* DATA SECTION:

****************

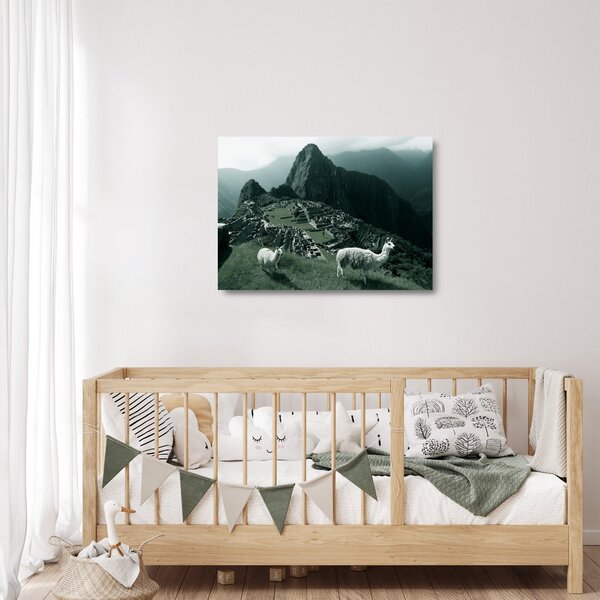 Sklenený obraz - Lamy na Machu Picchu v Peru (70x50 cm)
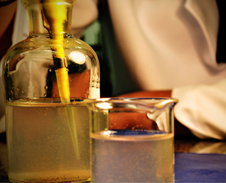 Iali - Instituto de alimentos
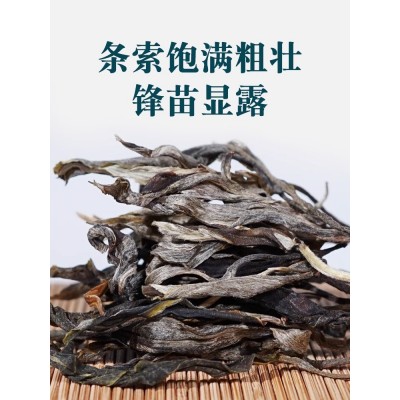 云南临沧坝歪普洱生茶1500g散装冰岛普洱茶生茶散茶老树茶春茶叶图3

****************

* WHAT YOU HAVE TO DO:
Nothing but the text of the listing should be set down, exactly, with the pictures left behind.

* EXERCISE RESULT:
 Sklenený obraz - Lamy na Machu Picchu v Peru (70x50 cm)
 Iali - Instituto de alimentos
 云南临沧坝歪普洱生茶1500g散装冰岛普洱茶生茶散茶老树茶春茶叶图3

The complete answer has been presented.